Key terms – Master Data Management – Salesforce Data Architect Theory – Salesforce Certified Data Architect Study Guide

Key terms

The following terms are used a lot in the field of MDM. When dealing with MDM situations as a Salesforce Data Architect, you may come across these.

Harmonizing data

Data harmonization is the practice of taking data from multiple sources and processing it (often through machine learning and automation) into a standard, accurate, and comprehensive format, meaning anyone interacting with the data can do so in the same way (utilizing a common data language) . For example, calling a product a Stock Keeping Unit (SKU) instead of a product code internally and a product externally.

Consolidating data

As the name would suggest, data consolidation is the practice of bringing together and consolidating data from several data sources into a centrally managed data master or hub. It should be noted that this is slightly different from the golden record, as that refers to the surfacing of information, whereas data consolidation refers to the actual management of consolidated data (although it is perfectly acceptable to surface golden records from the MDM data hub).

Data survivorship

Data survivorship is concerned with what happens to data that is identified as a duplicate across the

IT enterprise. Typically, data record survivorship can be categorized as follows:

  • A survival-of-the-fittest approach: The record deemed most suitable is taken as the one to use.
  • Forming a golden record: The suitably identified pieces of data (as determined by business rules on data quality) are brought together to form a single source of truth.
  • Context-aware survivorship: Duplicate data records aren’t actually altered, in that they aren’t merged into other records, archived, or deleted. This is typically used in enterprises that need to form different views of data (think different golden records depending on the context in which data is being viewed or interacted with). As you would expect, this approach involves an extra layer of data management and, therefore, may have performance concerns associated with it.

Thresholds and weights

When matching data, weights are the values given to data records, and thresholds are what determine the action to be taken on those records. For example, a threshold may cause two records to automatically be linked, or flag two records for manual intervention. Weights are what calculate the matching score that feeds into the thresholds. For example, a matched email address, postcode, and surname would give a higher score than matching two records purely on a first name, as these may be common across the data set. Our high-weighted record match may feed into a threshold that automatically links the records together.

Canonical modeling

A canonical data model is a way of modeling data in its simplest form. Typically, this is used in a middleware scenario whereby data is modeled differently in source systems. A canonical data model can be used as a common format from which system-specific data models can be generated or fed into.
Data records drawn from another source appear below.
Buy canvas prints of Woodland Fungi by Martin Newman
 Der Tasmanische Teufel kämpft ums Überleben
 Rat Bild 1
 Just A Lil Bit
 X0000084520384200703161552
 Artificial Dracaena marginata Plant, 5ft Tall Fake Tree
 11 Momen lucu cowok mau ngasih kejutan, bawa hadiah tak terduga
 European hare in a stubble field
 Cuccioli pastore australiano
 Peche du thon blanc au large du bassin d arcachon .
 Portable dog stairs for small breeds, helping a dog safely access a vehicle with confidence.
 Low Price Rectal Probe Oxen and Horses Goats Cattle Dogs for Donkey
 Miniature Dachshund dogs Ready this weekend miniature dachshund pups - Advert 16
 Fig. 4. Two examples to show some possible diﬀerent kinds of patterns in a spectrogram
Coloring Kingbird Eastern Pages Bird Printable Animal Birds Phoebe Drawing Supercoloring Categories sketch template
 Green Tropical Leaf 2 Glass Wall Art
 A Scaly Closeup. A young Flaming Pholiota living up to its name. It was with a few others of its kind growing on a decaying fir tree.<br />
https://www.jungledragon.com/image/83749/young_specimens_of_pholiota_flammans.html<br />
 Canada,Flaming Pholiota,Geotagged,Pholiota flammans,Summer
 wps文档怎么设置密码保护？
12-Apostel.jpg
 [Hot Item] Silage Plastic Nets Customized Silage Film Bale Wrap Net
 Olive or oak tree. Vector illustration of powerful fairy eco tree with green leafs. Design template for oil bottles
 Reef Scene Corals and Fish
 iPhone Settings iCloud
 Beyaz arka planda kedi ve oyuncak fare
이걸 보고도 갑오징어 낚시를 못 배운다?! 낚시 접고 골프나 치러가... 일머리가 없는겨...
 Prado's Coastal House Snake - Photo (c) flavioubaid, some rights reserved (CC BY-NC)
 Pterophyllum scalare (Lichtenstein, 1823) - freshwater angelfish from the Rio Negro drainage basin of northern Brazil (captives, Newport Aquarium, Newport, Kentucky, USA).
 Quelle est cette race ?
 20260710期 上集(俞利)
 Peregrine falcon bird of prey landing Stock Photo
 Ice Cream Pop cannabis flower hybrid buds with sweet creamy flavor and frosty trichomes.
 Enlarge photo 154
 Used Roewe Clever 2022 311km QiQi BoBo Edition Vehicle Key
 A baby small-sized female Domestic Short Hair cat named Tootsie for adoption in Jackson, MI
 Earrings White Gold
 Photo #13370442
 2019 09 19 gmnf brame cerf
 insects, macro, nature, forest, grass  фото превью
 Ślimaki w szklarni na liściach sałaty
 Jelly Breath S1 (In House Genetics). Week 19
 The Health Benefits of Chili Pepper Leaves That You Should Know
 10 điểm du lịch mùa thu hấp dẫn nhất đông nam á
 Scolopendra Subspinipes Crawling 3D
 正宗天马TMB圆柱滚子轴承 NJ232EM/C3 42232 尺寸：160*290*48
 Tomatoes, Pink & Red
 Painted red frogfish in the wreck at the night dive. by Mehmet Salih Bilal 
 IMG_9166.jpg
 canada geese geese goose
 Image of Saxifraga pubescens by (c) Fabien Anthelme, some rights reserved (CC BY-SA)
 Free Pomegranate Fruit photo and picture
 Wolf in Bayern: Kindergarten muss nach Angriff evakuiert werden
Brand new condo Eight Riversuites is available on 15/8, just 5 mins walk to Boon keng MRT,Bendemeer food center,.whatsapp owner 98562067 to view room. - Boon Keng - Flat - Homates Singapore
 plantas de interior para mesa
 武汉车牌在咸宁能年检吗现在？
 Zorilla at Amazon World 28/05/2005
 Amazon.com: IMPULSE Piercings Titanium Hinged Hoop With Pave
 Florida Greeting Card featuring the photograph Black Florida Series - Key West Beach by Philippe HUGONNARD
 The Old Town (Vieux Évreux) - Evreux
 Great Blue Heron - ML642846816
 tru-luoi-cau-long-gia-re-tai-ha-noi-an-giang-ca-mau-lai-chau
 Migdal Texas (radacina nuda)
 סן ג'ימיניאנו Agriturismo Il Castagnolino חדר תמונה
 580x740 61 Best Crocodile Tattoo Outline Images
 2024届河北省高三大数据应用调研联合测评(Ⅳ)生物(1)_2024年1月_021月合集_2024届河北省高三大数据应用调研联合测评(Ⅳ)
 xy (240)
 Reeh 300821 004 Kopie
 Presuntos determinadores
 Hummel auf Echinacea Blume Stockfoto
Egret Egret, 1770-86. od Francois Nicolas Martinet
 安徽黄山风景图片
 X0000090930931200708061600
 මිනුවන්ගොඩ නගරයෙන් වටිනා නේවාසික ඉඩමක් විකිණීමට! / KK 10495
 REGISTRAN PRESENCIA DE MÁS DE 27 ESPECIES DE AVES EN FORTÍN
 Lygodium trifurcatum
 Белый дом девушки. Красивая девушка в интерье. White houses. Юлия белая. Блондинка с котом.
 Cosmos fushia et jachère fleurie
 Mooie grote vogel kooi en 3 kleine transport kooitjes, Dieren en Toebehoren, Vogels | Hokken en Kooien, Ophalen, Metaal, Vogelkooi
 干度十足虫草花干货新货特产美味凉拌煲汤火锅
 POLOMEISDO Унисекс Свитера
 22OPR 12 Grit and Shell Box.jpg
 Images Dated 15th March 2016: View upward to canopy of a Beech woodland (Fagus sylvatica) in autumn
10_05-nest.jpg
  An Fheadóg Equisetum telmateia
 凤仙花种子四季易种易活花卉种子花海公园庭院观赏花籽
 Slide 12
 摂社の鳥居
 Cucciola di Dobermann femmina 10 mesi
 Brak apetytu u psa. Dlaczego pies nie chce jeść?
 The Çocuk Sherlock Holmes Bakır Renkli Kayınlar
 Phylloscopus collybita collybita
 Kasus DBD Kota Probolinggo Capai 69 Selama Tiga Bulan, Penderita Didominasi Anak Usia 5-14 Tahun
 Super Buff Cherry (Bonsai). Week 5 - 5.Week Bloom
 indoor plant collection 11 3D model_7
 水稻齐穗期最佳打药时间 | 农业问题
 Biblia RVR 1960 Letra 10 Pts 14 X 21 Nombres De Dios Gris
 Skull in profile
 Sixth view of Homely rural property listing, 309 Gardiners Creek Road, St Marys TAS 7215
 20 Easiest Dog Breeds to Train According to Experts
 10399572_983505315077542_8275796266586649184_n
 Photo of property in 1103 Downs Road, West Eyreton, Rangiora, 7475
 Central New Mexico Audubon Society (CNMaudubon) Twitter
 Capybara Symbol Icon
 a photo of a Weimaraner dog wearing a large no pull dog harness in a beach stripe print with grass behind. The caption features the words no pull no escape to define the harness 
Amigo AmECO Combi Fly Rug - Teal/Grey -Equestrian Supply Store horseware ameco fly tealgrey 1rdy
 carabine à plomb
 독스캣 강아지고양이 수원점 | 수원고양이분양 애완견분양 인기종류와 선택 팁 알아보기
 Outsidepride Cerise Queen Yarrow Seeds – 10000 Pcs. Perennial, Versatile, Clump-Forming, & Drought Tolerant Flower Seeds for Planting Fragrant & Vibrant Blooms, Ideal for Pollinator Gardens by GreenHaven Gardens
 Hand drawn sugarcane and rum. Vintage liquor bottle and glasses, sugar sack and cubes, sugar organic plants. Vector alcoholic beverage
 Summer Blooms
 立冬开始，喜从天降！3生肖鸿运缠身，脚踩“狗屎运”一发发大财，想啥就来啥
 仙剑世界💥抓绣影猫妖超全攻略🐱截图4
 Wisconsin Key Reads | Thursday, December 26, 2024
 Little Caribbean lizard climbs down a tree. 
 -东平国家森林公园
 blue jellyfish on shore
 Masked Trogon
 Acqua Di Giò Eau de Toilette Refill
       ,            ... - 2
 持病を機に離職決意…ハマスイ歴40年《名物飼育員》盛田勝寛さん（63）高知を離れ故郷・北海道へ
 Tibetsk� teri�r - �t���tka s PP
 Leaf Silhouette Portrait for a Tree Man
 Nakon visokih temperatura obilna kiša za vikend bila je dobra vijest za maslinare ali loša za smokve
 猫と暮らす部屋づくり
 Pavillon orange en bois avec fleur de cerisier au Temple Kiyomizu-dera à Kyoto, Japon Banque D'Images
An example of a canonical data example would be for a customer master (Salesforce) and a new contact requiring creation in two different connected systems through a middleware layer. Because the two source systems represent contacts in different formats, the middleware would take the Salesforce contact and convert it into a canonical (or simplest) format, from which a transformation can be done to the system-specific format for each source system requiring interaction to create the contact. New connected systems can immediately take advantage of this modeling logic.